Description Toby Corkindale 2014-12-02 10:14:56 UTC
In kernel 3.13 and earlier, a user could use the "bonding" network module to enslave devices without MAC addresses, such as ppp devices, in certain modes (such as balance-rr).

At some point between 3.13 and 3.17, this ability was removed -- even though apparently a commit was made to specifically ALLOW this to happen:
https://github.com/torvalds/linux/commit/f54424412b6b2f64cae4d7c39d981ca14ce0052c


On kernel 3.13, this was printed to syslog upon enslaving ppp0:
bonding: bond0: Warning: The first slave device specified does not support setting the MAC address. Setting fail_over_mac to active.
bonding: bond0: enslaving ppp0 as an active interface with an up link.
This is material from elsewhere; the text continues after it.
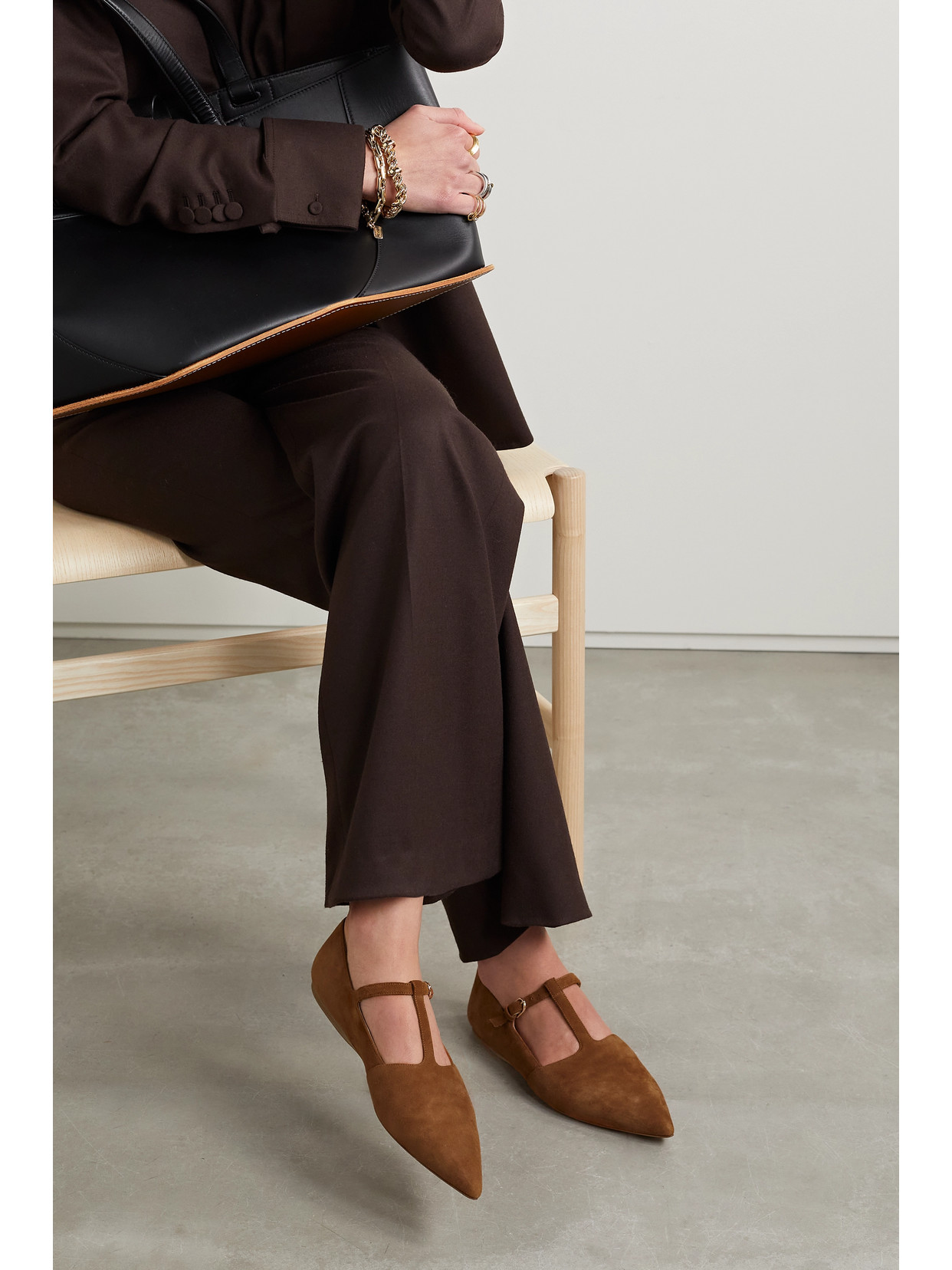 Lola Ballerina Suede Mary Jane Point-Toe Flats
On kernel 3.17.2 and 3.17.4 (and probably others) instead this error comes up:
bond0: Adding slave ppp0
bond0: The slave device specified does not support setting the MAC address

And the slave is not added.


In case it was relevant, I resorted to manually creating the bond0 with appropriate options (including fail_over_mac) preset, and yet the problem persists.

To replicate the problem, setup at least one ppp connection, and then follow these instructions:

    modprobe bonding
    echo '+bond0' > /sys/class/net/bonding_masters
    echo 'active' > /sys/class/net/bond0/bonding/fail_over_mac
    ifconfig bond0 down
    echo 'balance-rr' > /sys/class/net/bond0/bonding/mode
    ifconfig bond0 202.xx.xx.xx netmask 255.255.255.255 mtu 1492 up
    echo '500' > /sys/class/net/bond0/bonding/miimon

    ifconfig ppp0 down
    echo '+ppp0' > /sys/class/net/bond0/bonding/slaves


Under earlier kernel versions, that would work -- but current stable kernels fail.
Comment 1 Alan 2014-12-08 15:31:28 UTC
This is best also reported to netdev@vger.kernel.org by email
Comment 2 Toby Corkindale 2015-09-23 04:07:34 UTC
Hi, just checking in to see if anyone's looked at this.. have seen there's been a bunch of commits to the bonding driver since July 15 but the bit of relevant code still looks the same.
Comment 3 dingtianhong 2015-09-24 03:47:39 UTC
I don't think it is a bug for kernel for 3.17, the fail_over_mac should only valid for bond AB mode, you could not change the mode when the slave is not support setting mac, the right solution is return err and set the right mode and then try again.
Comment 4 Toby Corkindale 2015-09-24 03:49:09 UTC
Ah, but the error appears regardless of bond mode -- in my example above, I'm using balance-rr.

The error is returned regardless of me using "none", "active" or "follow" for fail_over_mac.
Comment 5 Toby Corkindale 2015-11-04 04:15:58 UTC
Just thought I'd drop in and mention that the regression/bug/issue is still present on kernel 4.2.3.

I do note that the code path to add slaves clearly looks like it should let the slave in with a warning only, but actually attempting this on a machine results in a failure and no slaves listed.
Comment 6 Toby Corkindale 2015-11-04 07:47:21 UTC
Created attachment 192041 [details]
Patch that resolves issue for me

I suspect this simple patch isn't of sufficient quality to use directly, but.. it works for me.